TIME: I know Memoirs of a Geisha has been postponed for a while. When did you first hear that Steven Spielberg was interested in you and when did you finally get to meet Spielberg?

Cheung: I was on holiday in Corsica. We were in a very quiet place, tucked away in the mountains, and one day the phone rang and my manager told me the news. I didn't want to abandon my holiday but in the end, the day I left Corsica to go back to Paris, I had half an hour to pack my bags in Paris, then fly to New York the same day. It was a very rushed trip but it was all the more exciting for being so spontaneous and unplanned. That was when it finally sunk in. I thought, 'My god, I'm going to New York to meet Spielberg? Wow!!'

TIME: Why is he casting a Hong Kong Chinese actress in a film about Japanese women?

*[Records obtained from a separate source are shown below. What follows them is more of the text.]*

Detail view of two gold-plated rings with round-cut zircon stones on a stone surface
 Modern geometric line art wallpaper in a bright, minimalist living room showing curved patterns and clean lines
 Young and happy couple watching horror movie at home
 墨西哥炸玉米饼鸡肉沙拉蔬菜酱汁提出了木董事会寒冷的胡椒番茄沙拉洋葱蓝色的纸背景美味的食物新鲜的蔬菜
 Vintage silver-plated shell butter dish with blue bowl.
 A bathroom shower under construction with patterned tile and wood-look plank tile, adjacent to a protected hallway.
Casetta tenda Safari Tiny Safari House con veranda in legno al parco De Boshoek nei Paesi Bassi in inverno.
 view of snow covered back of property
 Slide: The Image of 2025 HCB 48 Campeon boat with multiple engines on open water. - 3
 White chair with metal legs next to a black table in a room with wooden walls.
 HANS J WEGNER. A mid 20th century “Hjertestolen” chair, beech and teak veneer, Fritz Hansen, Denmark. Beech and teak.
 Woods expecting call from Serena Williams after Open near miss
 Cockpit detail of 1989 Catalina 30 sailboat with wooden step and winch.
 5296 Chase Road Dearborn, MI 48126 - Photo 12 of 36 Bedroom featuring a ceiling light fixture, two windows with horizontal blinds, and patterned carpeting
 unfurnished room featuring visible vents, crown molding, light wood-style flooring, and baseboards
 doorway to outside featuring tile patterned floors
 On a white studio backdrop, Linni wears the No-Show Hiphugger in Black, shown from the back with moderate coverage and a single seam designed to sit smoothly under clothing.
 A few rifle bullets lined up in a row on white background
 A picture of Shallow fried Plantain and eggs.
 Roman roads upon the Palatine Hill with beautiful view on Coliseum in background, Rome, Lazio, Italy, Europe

Cheung: He had been casting for a while for Japanese actresses but he couldn't really find any that could speak English well enough. He then went to Japan on a big search and still couldn't find any. Then he started thinking about Chinese actresses or Asian actresses--I think he'd seen Chinese Box and Comrades. He flipped through my tapes and, after seeing them, said he wanted to meet me.

TIME: And you met with him?

Cheung: Yes. He was very down to earth; he doesn't seem like the most famous director in the world. And that helped a lot. He just wasn't very Hollywood. At the screening test I read from a script Spielberg had sent me. I did it in six or seven different ways and he would say, "that's good but try this or that or laugh or be funny". It took an hour and by the end of it I wasn't that optimistic, because I didn't feel I'd really given my best. Spielberg was polite and nice and encouraging but he didn't give me the part right there and then, so I felt that I was not going to get the part. A week later I got told that he liked what he saw.

TIME: Did you get drunk that night?

Cheung: I felt happy and relieved and a small sense of victory, but not in a celebratory way. I thought, 'now I need to look into my future.' I didn't get too excited because I had talked myself into believing I'd be alright if I didn't get it.